The last recession hit the home-building business hard, but demand for newly constructed residences is recovering as the economy rebounds, experts said today.
“Things have certainly turned around,” said research economist Joey Von Nessen of Columbia-based RESH Marketing Consultants Inc.
Von Nessen noted that the Charleston region was recently ranked by the Milken Institute as the ninth highest in the country based on its post-recession growth in three key employment categories.
“This is very good news for Charleston homes sales,” Von Nessen said at the Charleston Home Builders Association’s annual market outlook for newly built homes.
He also pointed out some potential trouble spots for the industry. Those include a slowdown in local job growth, the 2 percent payroll tax hike that took effect this year, the impact of budget cutbacks on federal employees and the prolonged recession in Europe.
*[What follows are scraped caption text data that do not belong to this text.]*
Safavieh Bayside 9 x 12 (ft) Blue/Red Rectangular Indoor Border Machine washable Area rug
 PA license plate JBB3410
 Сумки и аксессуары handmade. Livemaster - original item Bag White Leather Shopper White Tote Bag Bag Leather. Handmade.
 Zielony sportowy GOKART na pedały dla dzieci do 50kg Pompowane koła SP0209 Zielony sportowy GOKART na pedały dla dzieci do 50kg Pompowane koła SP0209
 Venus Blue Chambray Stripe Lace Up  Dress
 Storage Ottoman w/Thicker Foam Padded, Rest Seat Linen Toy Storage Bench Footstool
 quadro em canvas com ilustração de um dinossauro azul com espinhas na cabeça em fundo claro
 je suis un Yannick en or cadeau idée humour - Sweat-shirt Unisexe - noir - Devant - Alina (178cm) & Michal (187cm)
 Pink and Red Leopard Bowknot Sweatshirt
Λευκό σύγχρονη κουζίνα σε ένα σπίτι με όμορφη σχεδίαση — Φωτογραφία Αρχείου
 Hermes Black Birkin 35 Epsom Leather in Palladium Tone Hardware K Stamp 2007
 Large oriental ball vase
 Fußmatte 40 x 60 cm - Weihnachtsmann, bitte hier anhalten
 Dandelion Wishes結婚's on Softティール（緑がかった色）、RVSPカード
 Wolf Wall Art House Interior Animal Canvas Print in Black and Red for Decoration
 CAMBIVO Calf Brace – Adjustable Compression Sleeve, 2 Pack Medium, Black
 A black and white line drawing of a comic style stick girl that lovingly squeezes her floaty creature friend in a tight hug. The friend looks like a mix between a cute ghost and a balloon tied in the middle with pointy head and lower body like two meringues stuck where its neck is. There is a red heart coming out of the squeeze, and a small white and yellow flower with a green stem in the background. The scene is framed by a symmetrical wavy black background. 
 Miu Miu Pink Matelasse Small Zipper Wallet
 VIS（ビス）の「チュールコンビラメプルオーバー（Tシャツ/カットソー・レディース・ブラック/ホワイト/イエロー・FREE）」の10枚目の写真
Also, interest on mortgages is edging higher, though the average remains low by historic standards at around 4 percent for a 30-year loan. Will Jenkinson, broker-in-charge of Carolina One New Homes, said the recent uptick in rates is “a double-edged sword,” but for now ”it’s a positive,”
“It’s beginning to bring buyers off the sidelines, off the fence, to make purchases,” said Jenkinson who also spoke at today’s outlook.
Meanwhile, prices continue to rise because inventory has been dropping.
About 5,600 homes are on the market, representing a five-month supply, or how long it would take to sell all of them based on recent sales trends. A year ago the region had an eight-month supply.
Jenkinson said new homes account for about 30 percent of all sales in the tricounty area.
Demand for existing homes also is on the upswing.